Double B In Da House
“Traders are just focusing on the Fed.”
– Michael Metz (subscription required), Chief Investment Strategist, Oppenheimer
It’s Fed Day today which means Double B, Ben Bernanke, is in da house baby.
Markets have definitely stabilized since Sept. 18 and the level of fear has come down quite a bit. So this mitigates against the need for another 50 point cut.
Also mitigating against another 50 point cut is gold near $800 and the dollar at all time lows against the euro and a basket of other major currencies. These are market signals of inflation and another 50 point cut creates the possibility of a dollar crisis.
On the other side, housing continues to be a disaster, defaults and foreclosures continue to mount and there are signs that consumer spending is beginning to wane.
The problem with not cutting is that markets have been rallying in expectation of one and no cut would probably result in a huge selloff.
Plus, there is still the problem with housing and some weakness in the economy that might call for lower rates.
That’s why the most likely course of action is a 25 basis point cut.

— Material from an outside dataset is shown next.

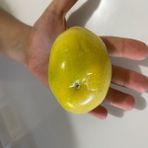 Özel Dev Meyveli Passiflora Edulis Var Flavicarpa Tohumu (30 Tohum) - 1 Paket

I think the likelihood of the different scenarios breaks down about this way:
50 point cut: 10% chance
25 basis point cut: 70% chance
No Cut: 20% chance
The next question becomes: How will markets react to each of these scenarios?
If the FOMC doesn’t cut, stocks and gold will selloff badly, and the dollar will rally strongly.
If the FOMC cuts 50, stocks, bonds and gold will explode, and the dollar will tank. One wonders, however, whether stock investors won’t have second thoughts when they think about why Bernanke and the Fed would be cutting 50 at some point.
If the FOMC cuts 25, which seems most likely, stocks will either rally slightly, hold their ground or selloff a bit, depending on the accompanying statement. But there shouldn’t be a big move either way, with more room on the downside.
Gold will probably hold steady and continue its up trend, while the dollar will also hold steady while continuing on its overall downtrend.